3. Con il terzo motivo, censura la sentenza impugnata laddove ha rigettato la reiterata eccezione di incostituzionalità della norma di cui al D.Lgs. n. 341 del 1995, art. 29 in relazione agli artt. 3, 23 e 53 Cost..

4. Il ricorso è privo di fondamento.

5. Esaminandone congiuntamente i primi due motivi, osserva la Corte, richiamando le sue più recenti decisioni (Cass. n. 12604 del 2008, n. 21700 dei 2009, 16601 del 2010 e numerose successive conformi), che la normativa vigente in materia va interpretata nei sensi di cui al seguente principio di diritto (espresso, in particolare, da Cass. n. 21700 del 2009): “In tema di contribuzione dovuta dai datori di lavoro esercenti attività edile, il D.L. n. 244 del 1995, art. 29 convenuto nella L. n. 341 del 1995, nel determinare la misura dell’obbligo contributivo previdenziale ed assistenziale in riferimento ad una retribuzione commisurata ad un numero di ore settimanali non inferiore all’orario normale di lavoro stabilito dalla contrattazione collettiva, prevede l’esclusione dall’obbligo contributivo di una varietà di assenze, tra di loro accomunate dal fatto che vengono in considerazione situazioni in cui è la legge ad imporre al datore di lavoro di sospendere il rapporto.
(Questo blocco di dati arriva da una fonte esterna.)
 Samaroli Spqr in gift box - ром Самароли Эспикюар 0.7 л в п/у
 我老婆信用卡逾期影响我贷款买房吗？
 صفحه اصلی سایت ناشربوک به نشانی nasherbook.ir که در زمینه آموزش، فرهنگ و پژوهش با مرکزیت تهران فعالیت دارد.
Ne consegue che, ove la sospensione del rapporto derivi da una libera scelta del datore di lavoro e costituisca il risultato di un accordo tra le parti, continua a permanere intatto l’obbligo retributivo (recte:

contributivo), dovendosi escludere, attesa l’assenza di una identità di ratio tra le situazioni considerate, la possibilità di una interpretazione estensiva o, comunque, analogica e ciò tanto più che la disposizione ha natura eccezionale e regola espressamente la possibilità e le modalità di un ampliamento dei casi d’esonero da contribuzione, che può essere effettuato esclusivamente mediante decreti interministeriali”.

5. E’ stato anche escluso, dalle indicate decisioni, che l’interpretazione della disciplina sulle esclusioni nei sensi appena precisati comporti violazione del principio costituzionale di uguaglianza, perchè le situazioni regolate diversamente non sono uguali, nè assimilabili; e tanto ha indotto la Corte a ritenere manifestamente infondata la questione prospettata con riferimento al precetto dell’art. 3 Cost..
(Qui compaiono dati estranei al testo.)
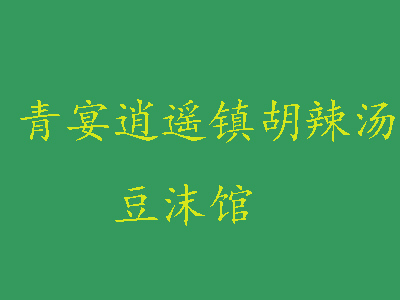 青宴逍遥镇胡辣汤豆沫馆加盟费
6. La sentenza impugnata è pervenuta ad identiche conclusioni ermeneutiche, si che non merita le censure che le vengono rivolte sia sotto il profilo della violazione di legge, sia sotto il profilo (denunciato nel secondo motivo di ricorso) dell’omesso esame di materiale probatorio, essendo quest’ultimo diretto a dimostrare che l’esistenza di un accordo con i dipendenti per la riduzione della prestazione lavorativa, una circostanza cioè che, per le ragioni sopra indicate, è priva di decisività, non comportando l’accordo in questione esonero dall’obbligo del rispetto del minimale contributivo.

7. Anche con riguardo alla delineata incostituzionalità della norma in esame in relazione all’art. 53 Cost., la Corte di Appello ha in modo condivisibile rilevato che occorre tenere presente che il principio di corrispondenza tra retribuzione e contribuzione prevede anche un limite inferiore (e in alcuni casi superiore) che ha carattere di norma generale nell’ambito dell’ordinamento sia pensionistico che infortunistico, onde la relativa previsione non crea alcun vulnus al principio di capacità contributiva nè crea irragionevoli disparità di trattamento tra datori di lavoro.

8. Il ricorso va, pertanto, respinto.

9. Si compensano le spese del giudizio di cassazione tra il ricorrente e gli enti costituiti, in considerazione del recente consolidarsi della giurisprudenza sulla questione oggetto di causa, mentre nulla deve disporsi nei confronti della Direzione Provinciale del Lavoro e dell’Equitalia s.p.a., in difetto di qualunque attività difensiva dalle predette svolta.

P.Q.M.

La Corte, rigetta il ricorso.

Compensa le spese di lite del giudizio di cassazione tra le parti costituite. Nulla per spese per le parti intimate.

Così deciso in Roma, il 4 marzo 2011.